The present animal experiment deals with the concept of Vipaka (post digestive effect) and its effect as a part of applied aspect of concept of Samana and Vicitra Pratyayarabdhata. This will help to find out differences between Samana and Vicitra Pratyayarabdha substances at the level of Vipaka (post digestive effect). It is well known that Vipaka (post digestive effect) shows its effect on Dosha (body humours), Dhatu (tissues) and Malas (excretory products) (Acharya Yadavaji T, 2009c) & it is easy to assess the effect of Vipaka (post digestive effect) on Malas (excretory products), hence the present animal experimental model was designed to ascertain the effect of selected Samana and Vicitra Pratyayarabdha drugs on Koshtha related parameters in albino rats.

MATERIALS AND METHODS:

Test drugs:

The authenticated raw drugs namely Nimba Patra (Leaves of Azadirachta indica A. Juss) and Panchanga of Bhumyamalaki (Whole plants of Phyllanthus fraternus Linn) were collected from the pharmacy of Gujarat Ayurved University, Jamnagar. Both the drugs were shade dried and powdered, tablets of both drugs were prepared by adding 3% Gum acacia as per standard procedure. Among these drugs, Nimba Patra is having Samana Pratyayarabdha properties (i.e. Tikta rasa, Shita virya & Katu vipaka) and Bhumyamalaki is having Vicitra Pratyayarabdha properties (i.e. Tikta rasa, Shita virya & Madhura vipaka).

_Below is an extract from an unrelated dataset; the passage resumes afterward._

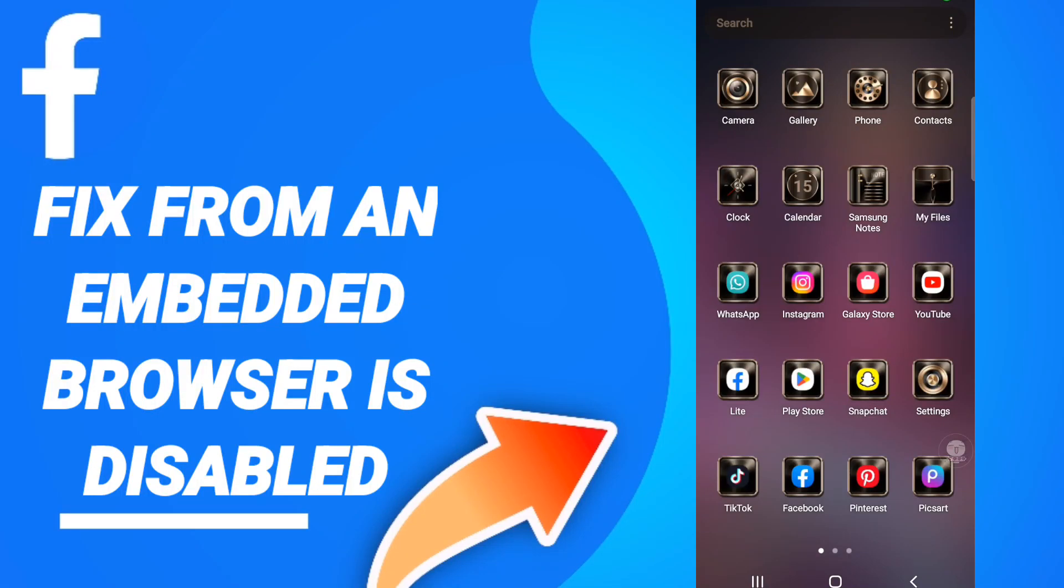Hi everyone, today we will talk about how to fix and solve Facebook from an embedded browser is disabled. To know how to fix this issue, you should follow these steps.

The difference in the properties of drugs is mainly at the level of vipaka (post digestive effect).

Animals:

Eighteen healthy, young (6-7 weeks old), nulliparous, non-pregnant Wistar strain albino rats of either sex weighing between 170 ± 20 g were selected from animal house attached to the Pharmacology Laboratory, I.P.G.T. & R.A., G.A.U., Jamnagar. Animals were maintained on Amrut brand pellets obtained from Pranava Agro Ltd. and drinking water and exposed to ambient temperature, humidity and natural day and night cycles in individual metabolic cages. The experimental protocol was submitted to the animal ethics committee of the institute, and approval was obtained for conducting the experiment (Approval number - IAEC/9/11/19).

Dose fixation and schedule:

Dose of drugs (Powders prepared by crushing tablets) was fixed by extrapolating the human dose to rats based on body surface area ratio by referring to the table of Paget's and Barnes (1964) (Laurence D.R. and Bacharach A.L 1964). On this basis, the rat dose was found to be 540 mg/kg. Drugs were suspended in deionized water at suitable concentration to prepare stock solution, freshly just prior to administration and administered orally in the dose of (1 ml/100 g) at morning hour (9- 10 AM).

Experimental protocol:

The study was carried out based on previous study which was designed by Dixit U D et al., (1995) to assess the effect of test drug on status of Agni (digestive power) (Dixit U.D. et al., 1995). The selected animals were divided in to three groups of six animals consists of three males and three females. The study was carried out in two phases, namely preliminary study and therapeutic study. Preliminary study of three days was carried out prior to the therapeutic study to understand and obtain base line data about the normal quantity of the parameters like body weight, food consumption, water intake, fresh and dry faecal output and food conversion ratio. In this particular phase, drug was not administered. Initial weight of each rat was recorded and they were placed in separate metabolic cages. All the parameters mentioned above were measured and recorded on routine basis.

Statistical analysis:

Data have been presented as Mean ± SEM. Difference in the groups was statistically determined by student's t for both paired and unpaired data. Level of significance was set at P < 0.05.

RESULTS:

A uniform and normal progressive increase in body weight was occurred in control group. The similar type of weight gain was observed in Bhumyamalaki group, while in Nimba group comparatively less gain in body weight was observed in comparison to control group. However the changes were statistically nonsignificant (Table - 1).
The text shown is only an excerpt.